The attack is insidious for three reasons:
- Persistence: Poisoned descriptions load once at session start and persist across every turn without repeated attacker action3.
- Cross-tool influence: The malicious description need not belong to the tool the model ultimately calls. It contaminates the planner’s reasoning about all available tools1.
- Invisibility: End users see tool names in approval prompts but rarely inspect the full description payload.
sequenceDiagram
participant User
participant Codex as Codex CLI
participant MCP_A as MCP Server A (Trusted)
participant MCP_B as MCP Server B (Poisoned)
Codex->>MCP_A: tools/list
MCP_A-->>Codex: Tool descriptions (clean)
Codex->>MCP_B: tools/list
MCP_B-->>Codex: Tool descriptions (poisoned metadata)
User->>Codex: "Summarise the project README"
Note over Codex: Planner sees ALL descriptions<br/>Poisoned description steers reasoning
Codex->>MCP_A: Calls trusted tool with<br/>exfiltration payload
MCP_A-->>Codex: Data returned
Shi et al. demonstrated that even when the compromised tool is never selected, its poisoned description can steer the planner into calling a different tool with attacker-controlled arguments — making allow-list defences insufficient on their own1.

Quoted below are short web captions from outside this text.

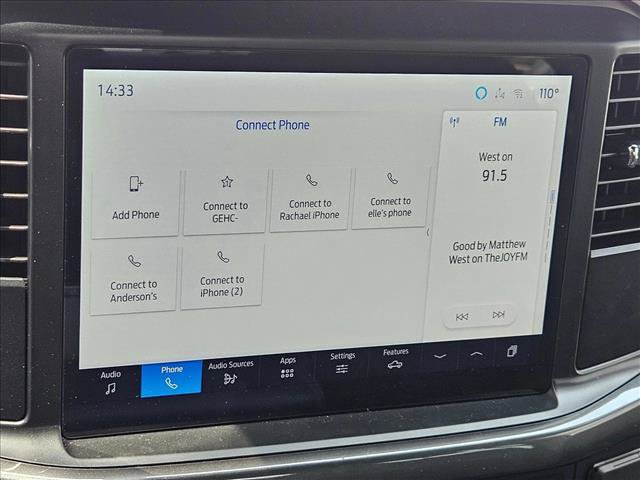 Used 2025 Ford F150 STX w/ Equipment Group 200A AWD/4WD image 16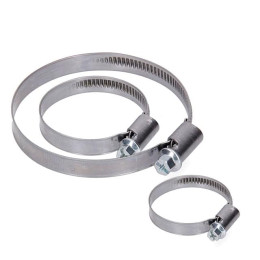 Metal Hose Clamp Stainless Allpro
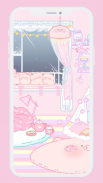 Cute Aesthetic Wallpapers Live screenshot 2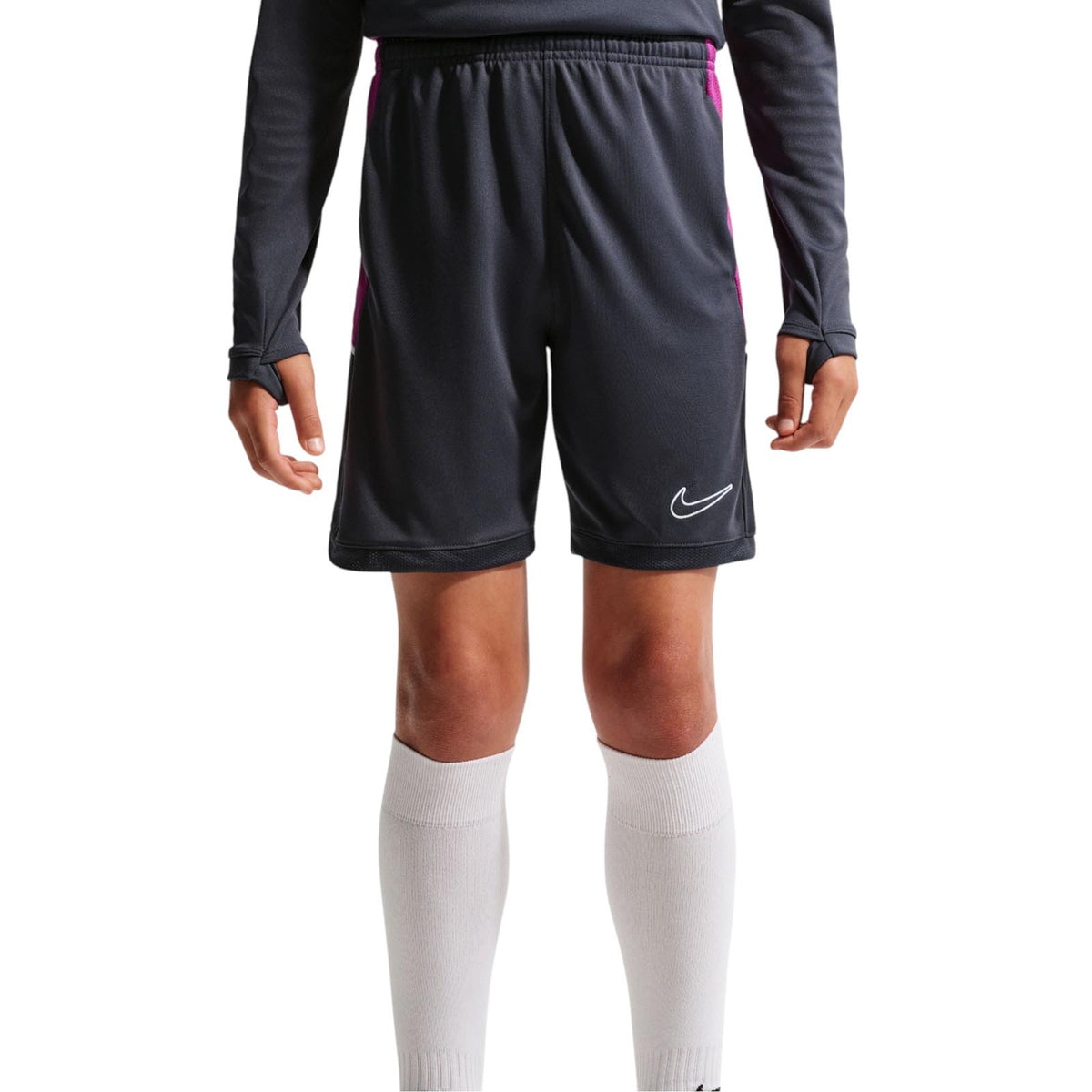 Nike Academy Dri-FIT Big Kids Football Knit Shorts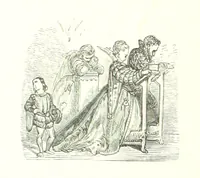 An illustration from Voyage aux Pyrénées ... Troisième édition illustrée par Gustave Doré (1860)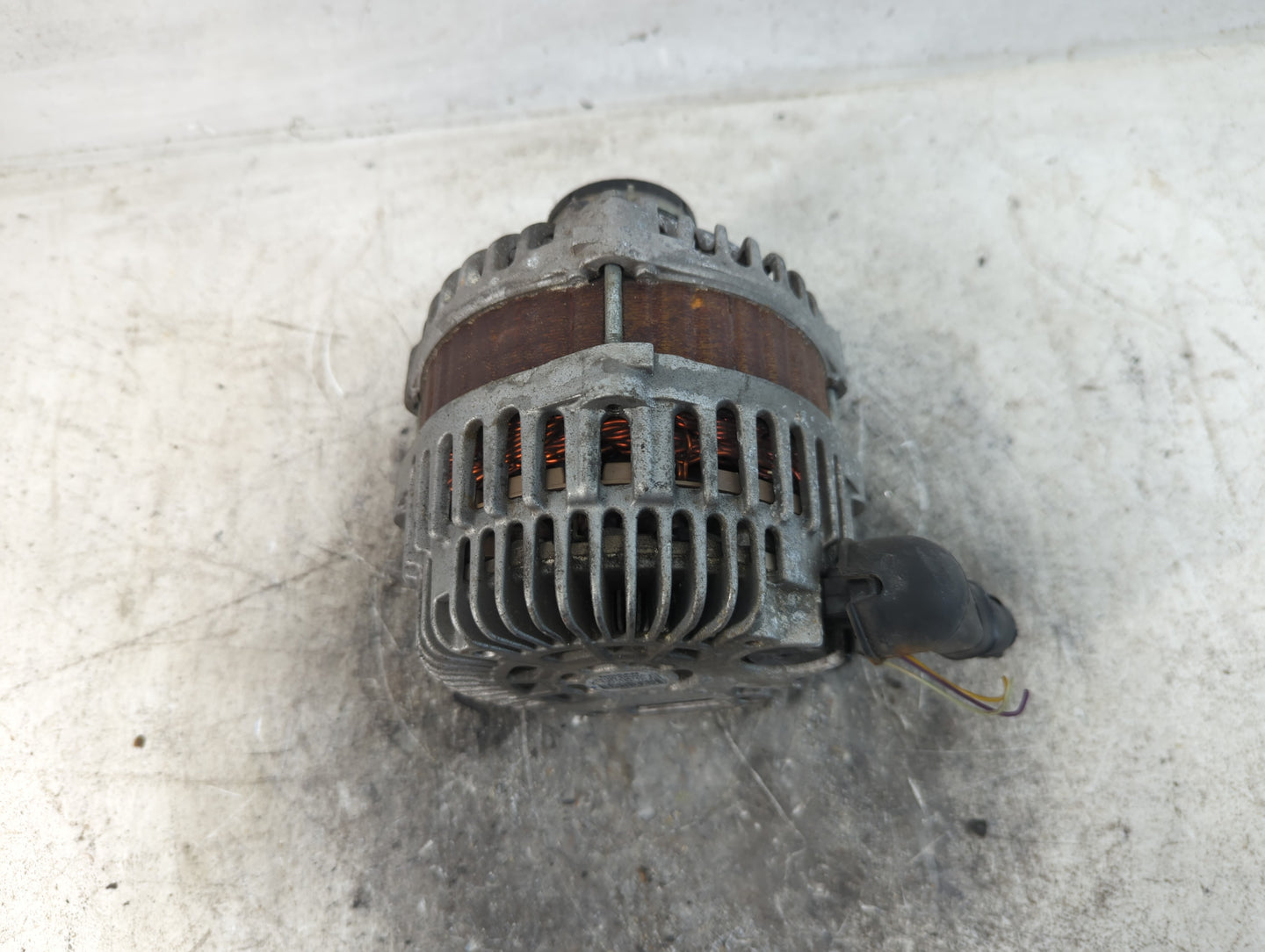 2018 Nissan Altima Alternator Replacement Generator Charging Assembly Engine OEM P/N:A2TJ2381ZC 23100 9HU0A Fits OEM Used Au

Quantifying the Threat: AgentDojo and ASB Results
Tool-Guard was evaluated on two established benchmarks: AgentDojo (multi-tool agent tasks with injection attacks) and ASB (Agent Security Bench, formalising attacks and defences across LLM agents)14.
Undefended Baseline
Without any defence, attack success rates (ASR) across five models on AgentDojo ranged from moderate to severe, with GPT-4o-mini and Gemini-2.5-Flash showing particular vulnerability to cross-tool steering1.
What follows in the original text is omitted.